# WHAT IS EXPECTED
The line containing "Floor Plan 1 Bedroom" marks the end: copy exactly every line from the start of the records below up to and including it, leaving out pictures.

/---

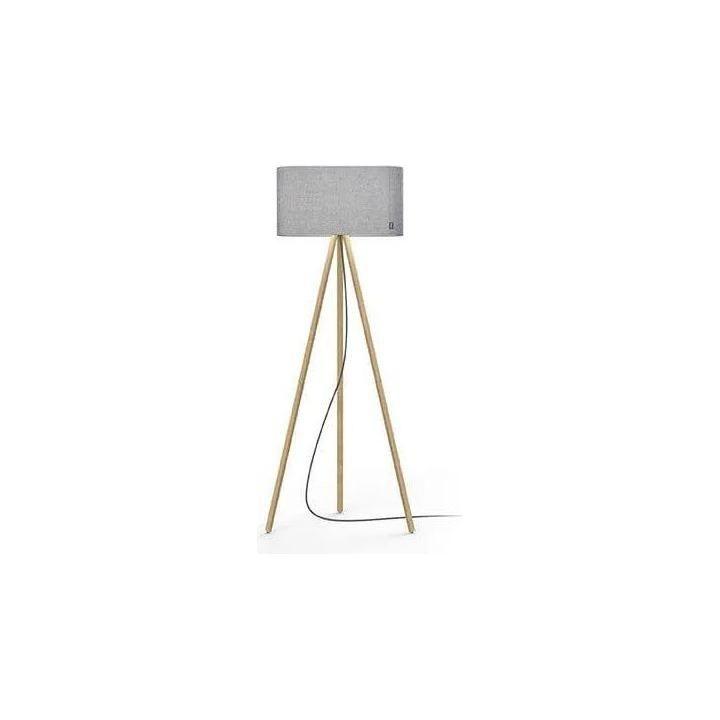 Pablo Designs - Belmont LED Floor Lamp - BELM FLR GRY/OAK - Canada Light Shop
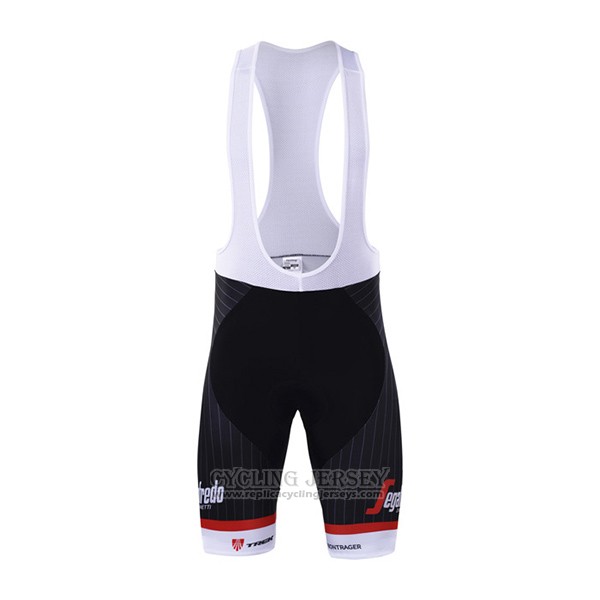 2017 Cycling Jersey Trek Segafredo Black and White Short Sleeve and Bib Short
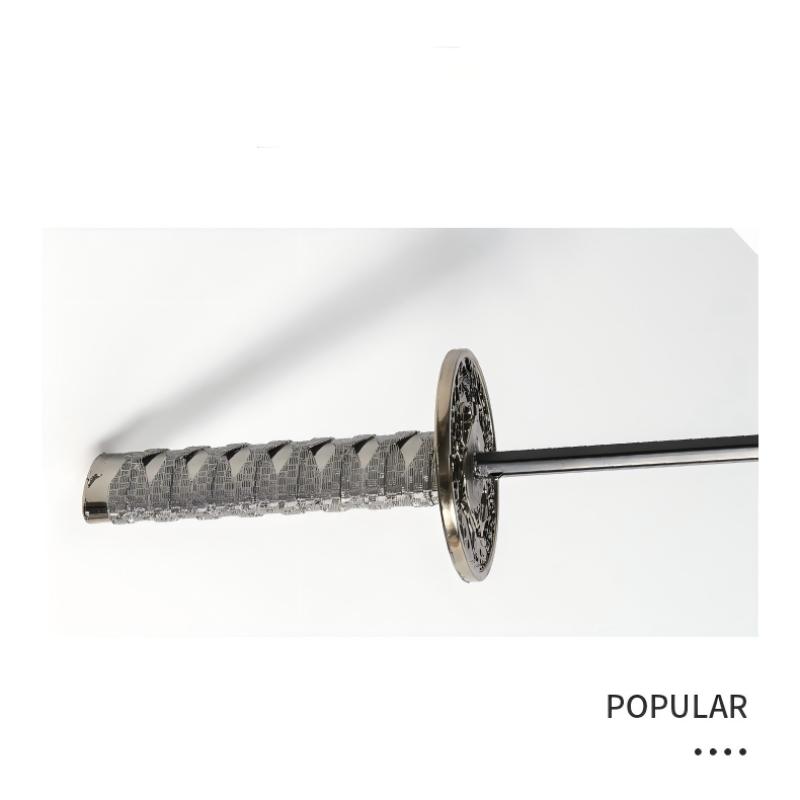 Creative Three-Fold Automatic Samurai Sword Umbrella, Lightweight Waterproof Umbrella, Anime Rainy Day Umbrella, Advertising Handle, in Stock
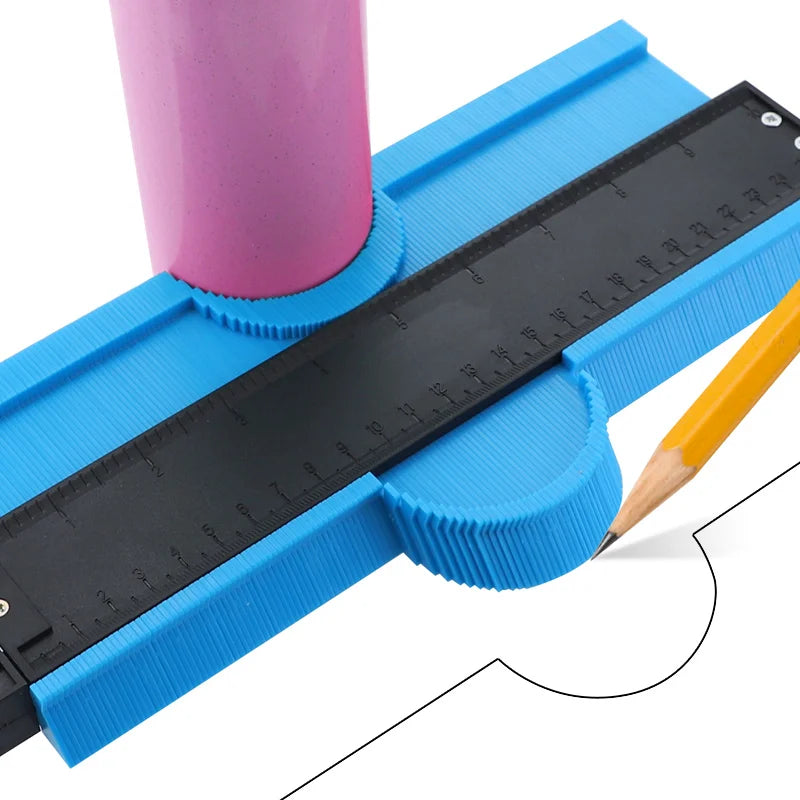 Profile Duplication Gauge Shape Gauge Duplicator Plastic Contour Copy Duplicator Magic Measuring Tool for Woodworking Tool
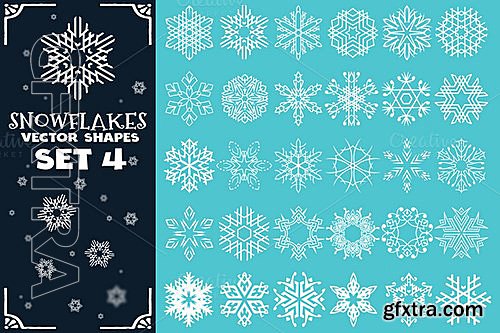 CM - Decorative Snowflakes Shapes Set 4 387049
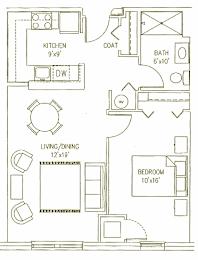  Floor Plan 1 Bedroom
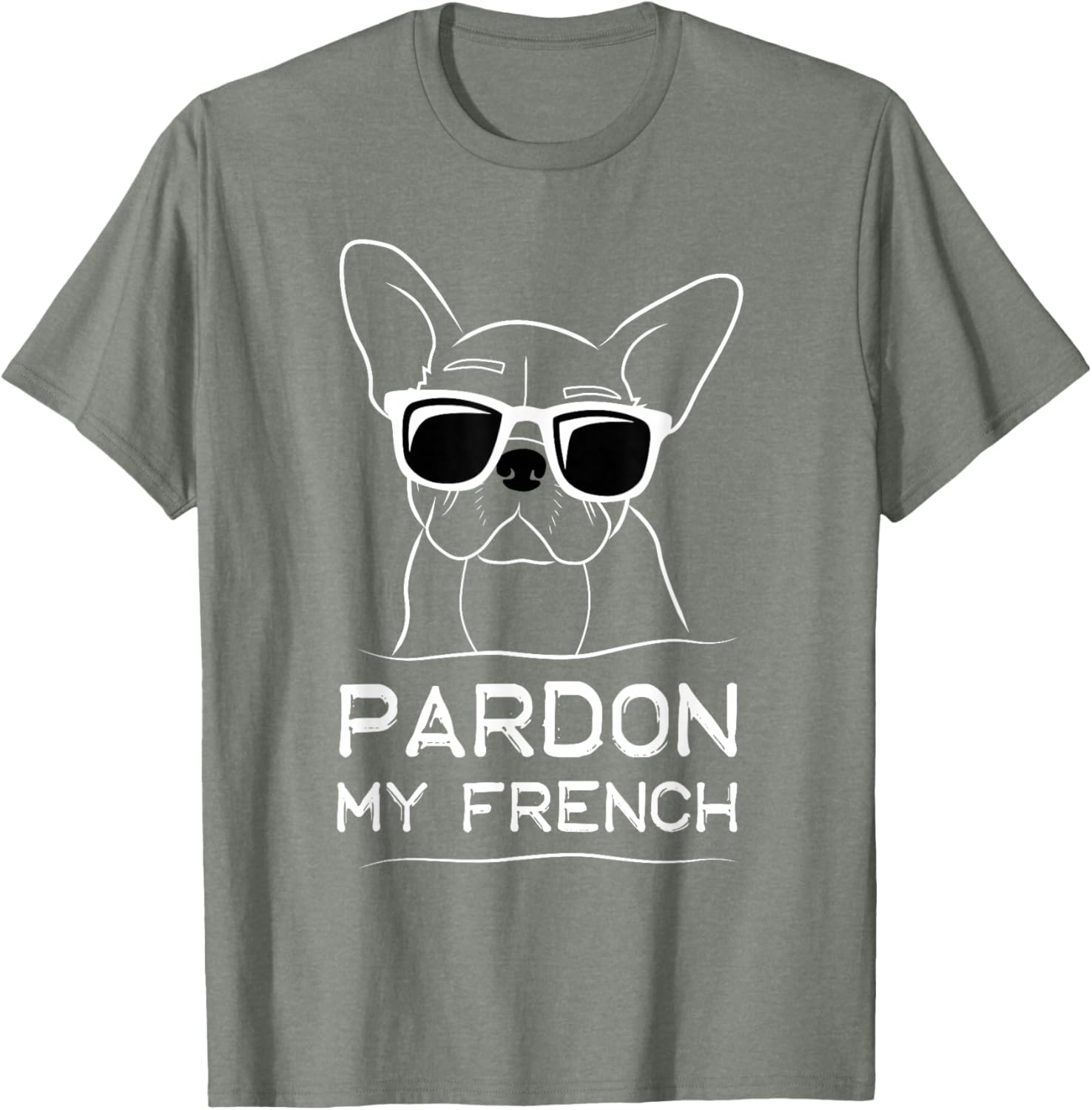 Pardon My French Bulldog T-Shirt Cute Frenchie Dog Lover Apparel - 18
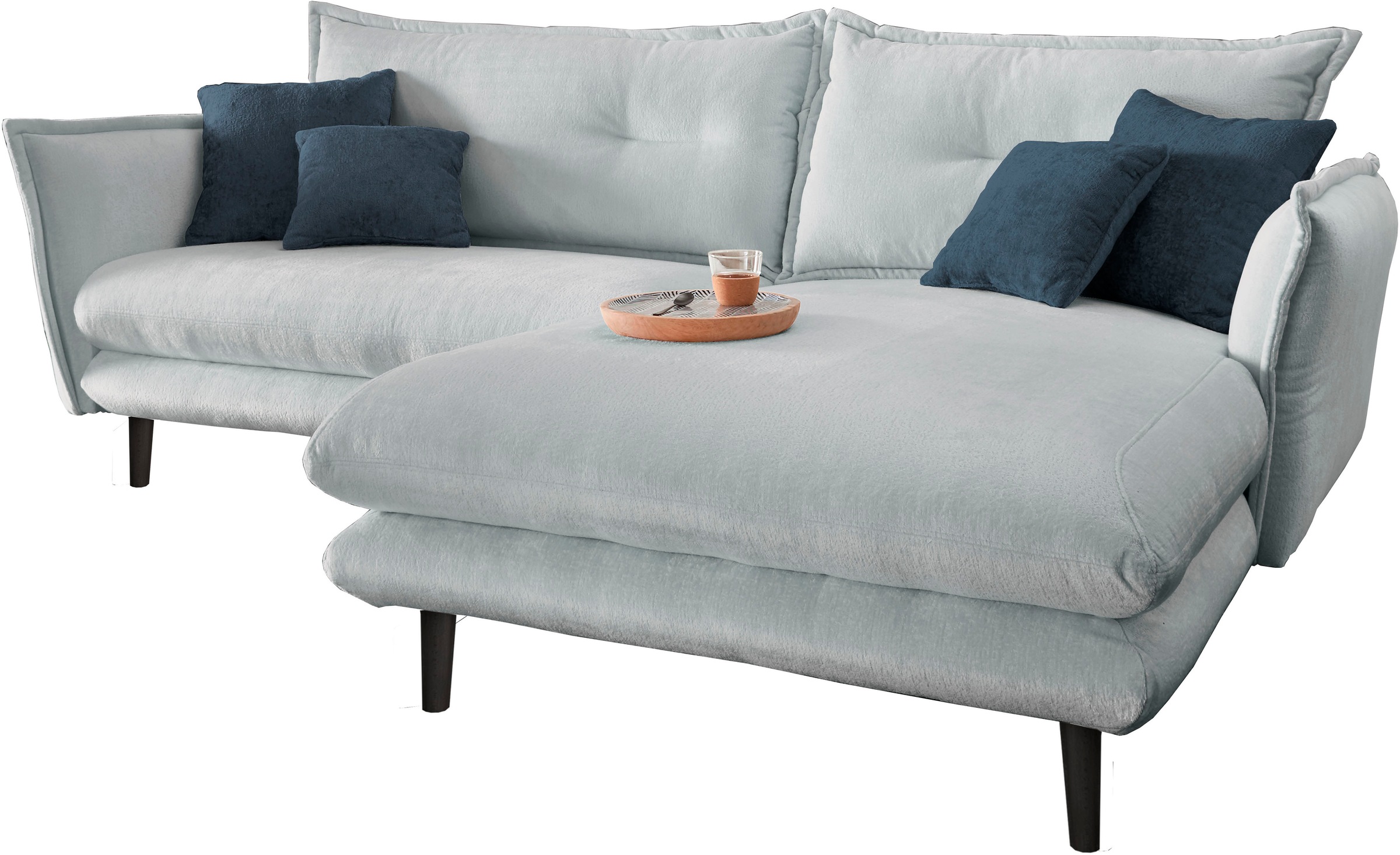 INOSIGN Ecksofa »Lazio modernes Design, bequem, schmale Armlehnen, OTTOs Ch günstig online kaufen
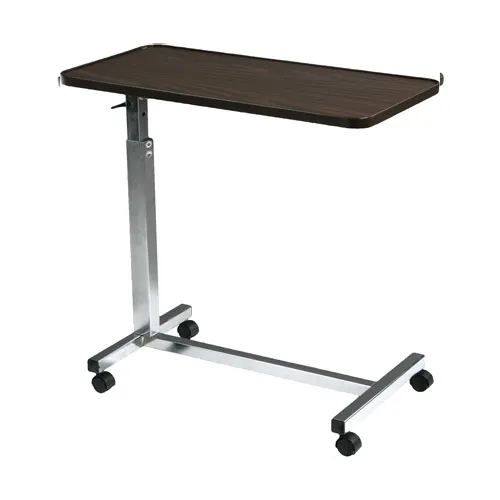 Healthsmart - 55340540400 - Table Over Bed Deluxe Tilt-Top H-Base - Adj From 25.75-39 In
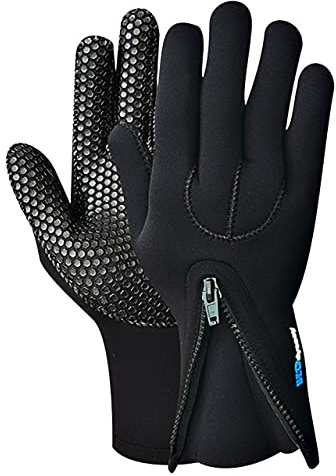 H2ODYSSEY UltraZip Five Finger Glove - Diving, Swimming and Surfing - Five Finger Water Glove for Men and Women (Medium)
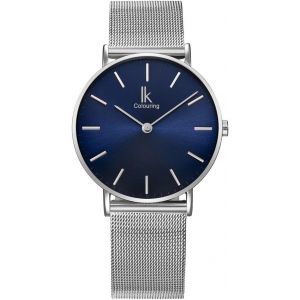 Ik Slim &Oslash;36mm Montre Hommes Femmes Ultra-Mince Bracelet Maille.[J253] - Neuf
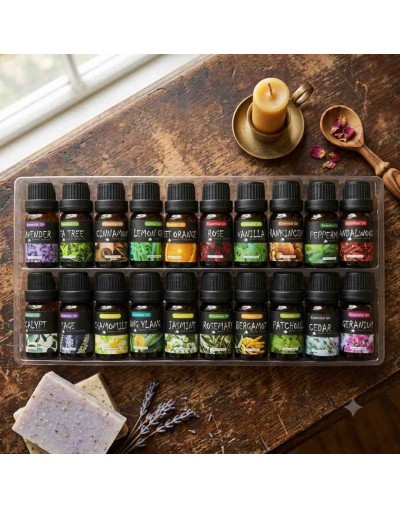Aceite esencias. 20 Esencias. Para velas y jabones. 10 ml. 1 set.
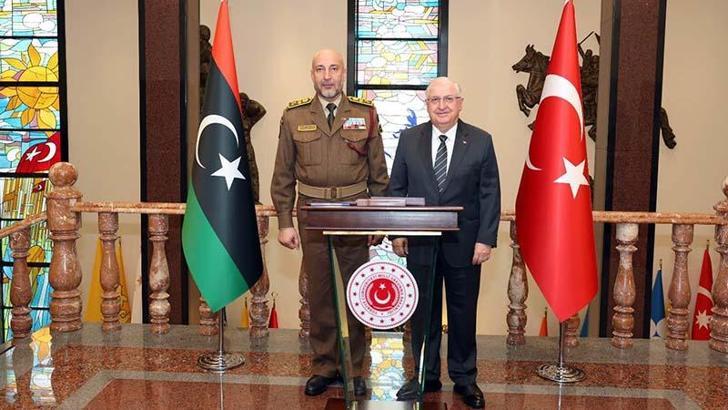 Bakan Güler, Libya Genelkurmay Başkanı Al Haddad'ı kabul etti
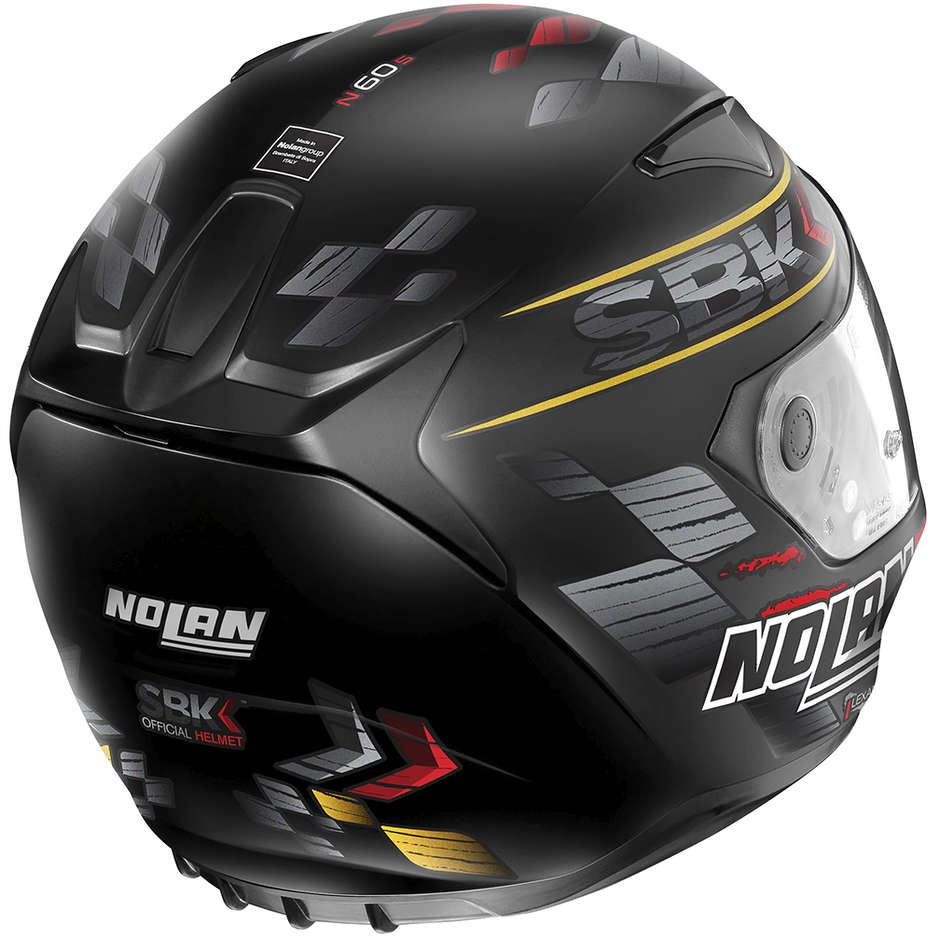 Integral Motorcycle Helmet Nolan N60.5 SBK 084 Matt Black Red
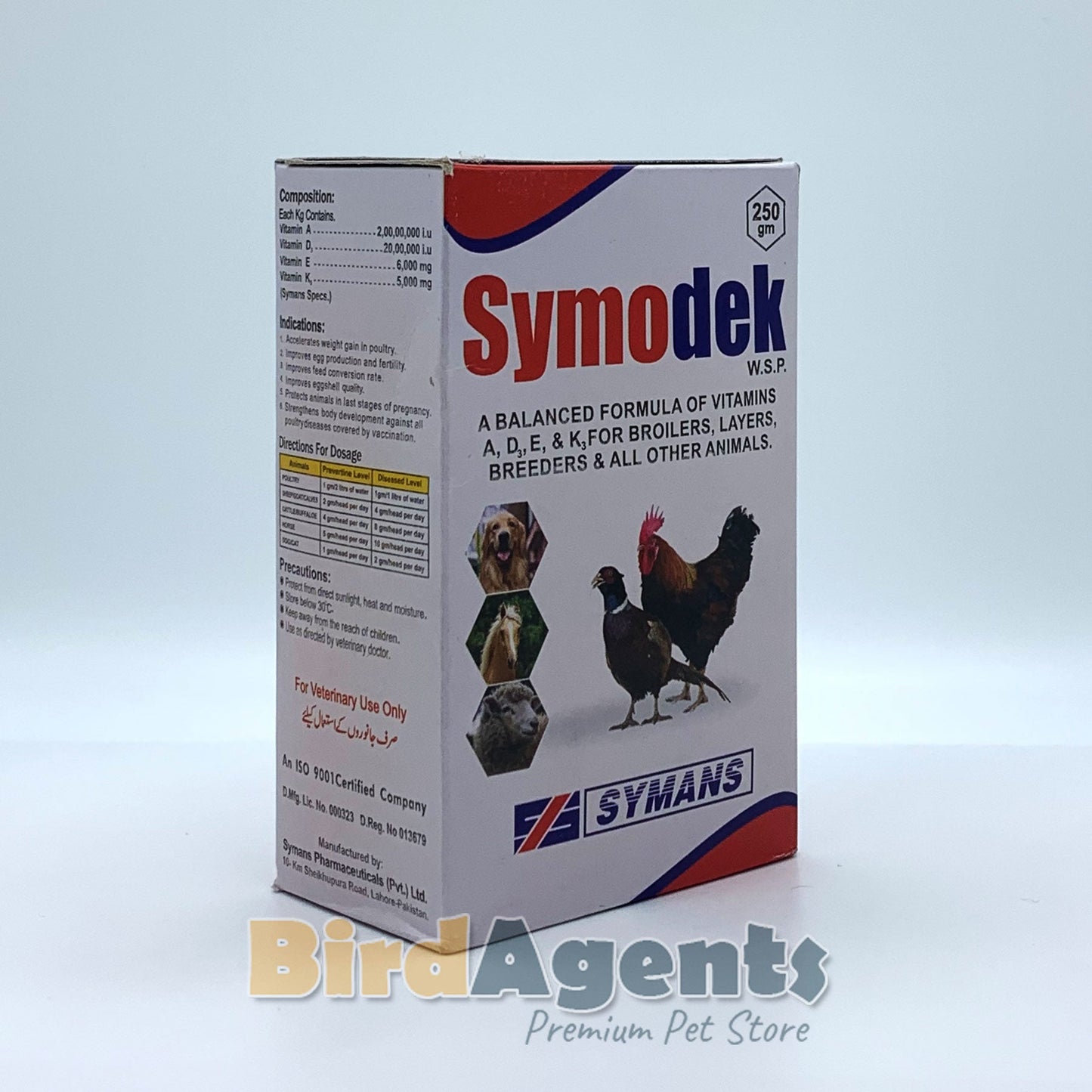 Symodek ADEK – Balanced Vitamin Formula for Birds & Animals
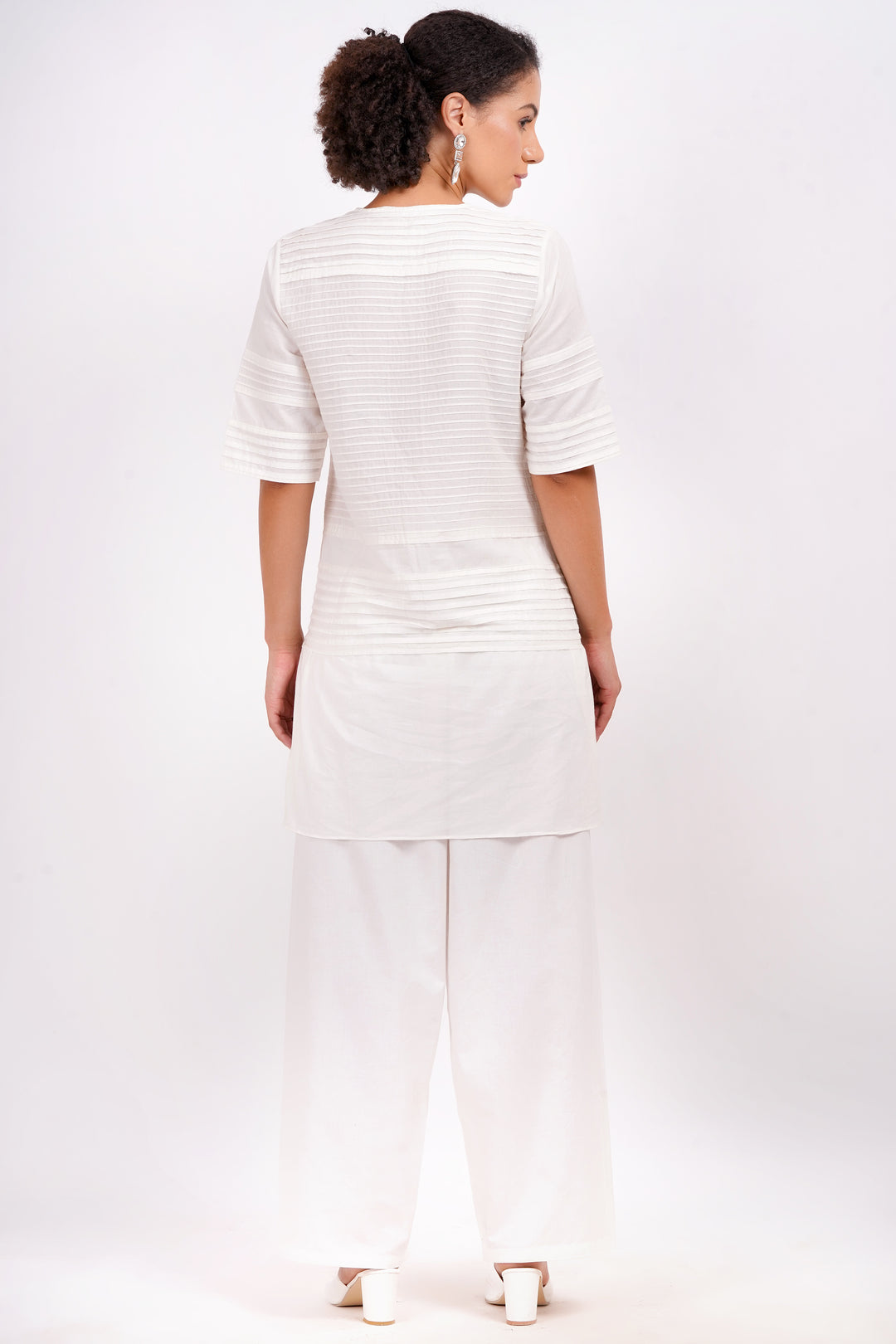 White Cotton Kurta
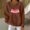 Brown, variant on EchfiProm Womens Crewneck Christmas Sweatshirts Graphic Sweatshirt Plus Size Reindeer Xmas Fall Long Sleeve Pullover Clothes for Women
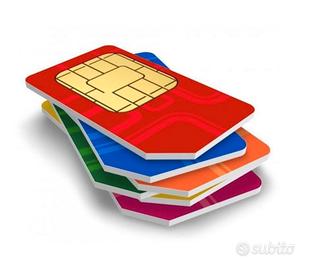 Sim top number 330 ex etacs sei cifre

\---

# ANSWER TO THIS EXERCISE
 Pablo Designs - Belmont LED Floor Lamp - BELM FLR GRY/OAK - Canada Light Shop
 2017 Cycling Jersey Trek Segafredo Black and White Short Sleeve and Bib Short
 Creative Three-Fold Automatic Samurai Sword Umbrella, Lightweight Waterproof Umbrella, Anime Rainy Day Umbrella, Advertising Handle, in Stock
 Profile Duplication Gauge Shape Gauge Duplicator Plastic Contour Copy Duplicator Magic Measuring Tool for Woodworking Tool
 CM - Decorative Snowflakes Shapes Set 4 387049
  Floor Plan 1 Bedroom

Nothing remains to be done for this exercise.